Irish Noir – a major new series on RTE Radio 1 exploring the past, present and future of Irish crime writing.
Presented by John Kelly, Irish Noir is the story of Irish Crime fiction. From its gothic origins, through the fast paced storylines provided by Celtic Tiger excess – and right up to the bleak fictional landscape inspired by Austerity Ireland
In the last 15 years, Irish crime writing has experienced a renaissance in popularity comparable to the Scandinavian and Scottish crime writing scenes. But before that, Irish crime was a niche style written by few. Irish Noir is a major new four-part which will explore why it took so long for this popular genre to get a comfortable footing in this country. To what extent did politics and history play a part? And did the enormous success of Irish literary giants like Joyce and Beckett cloud the ambitions of writers who might have naturally had more hard-boiled aspirations…? In other words, did we turn our literary noses up at crime fiction?

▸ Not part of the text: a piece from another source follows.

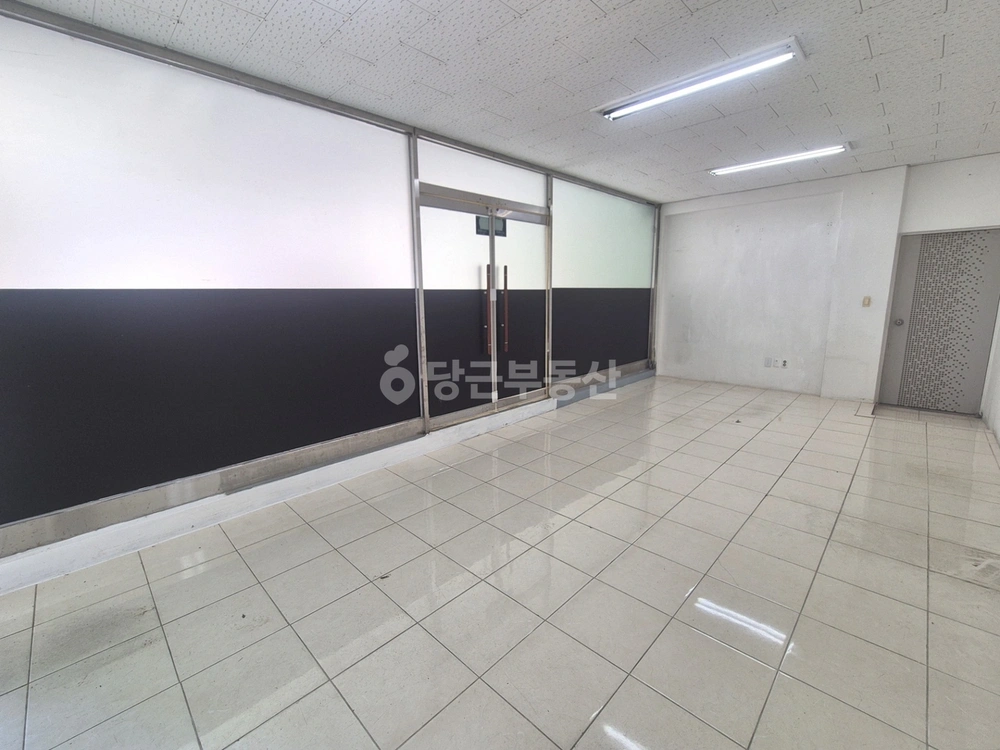 전남광주통합특별시 광산구 신창동 사무실 사진 1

This will be a must-listen series for all bookworms, featuring contributions from the biggest names in our country’s crime writing scene – John Connolly, John Banville, Tana French, Declan Burke, Declan Hughes, Arlene Hunt, Alex Barclay, and Stuart Neville to name but a few…

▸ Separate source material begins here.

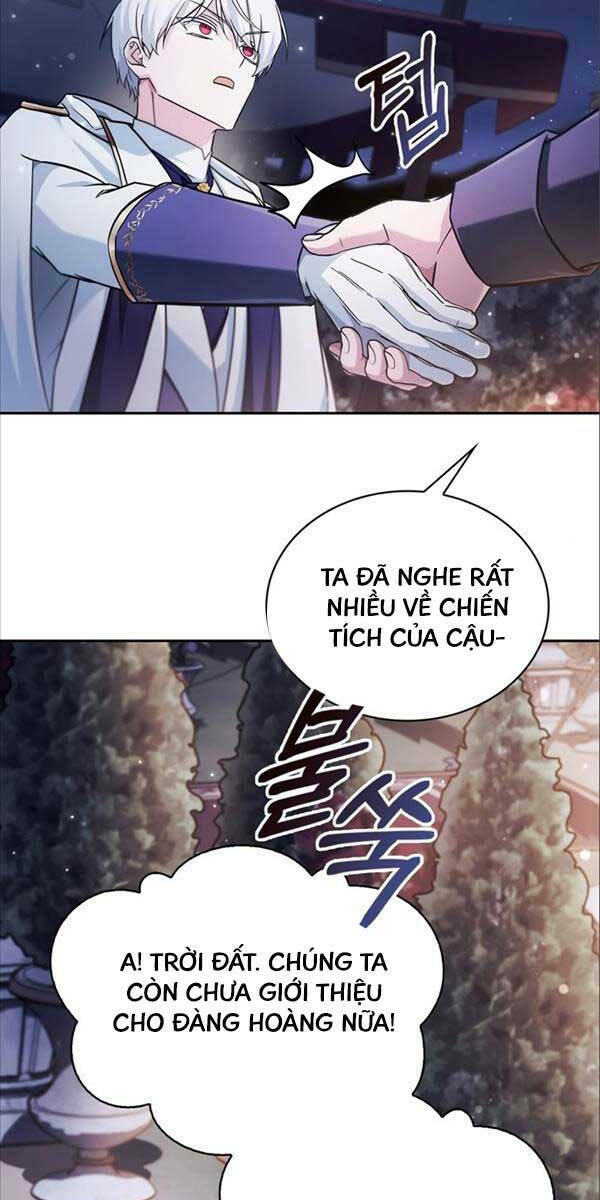 page_19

Irish Noir was made in conjunction with the BAI’s Sound and Vision fund. It starts on RTE Radio 1 at 7pm on Saturday September 14th.
Part 1 –
This sets up the series, with a look into the peculiar gothic origins of the crime genre in Ireland. We look at the earliest crime texts from our first authors to write crime stories, including Sheridan Le Fanu, LT Meade and Oscar Wilde. But we’ll also be delving into the real world surrounding these writers, a place where forensic detection was in its infancy, and a country in conflict where strongly held beliefs in superstition and fairy magic lead to bloody murder.
John Kelly is joined by Ian Campbell Ross, former professor of literature at Trinity College Dublin; Angela Bourke, author and Emeritus professor of Irish Studies at University College Dublin and Ian Gargan, medical doctor and criminal psychologist.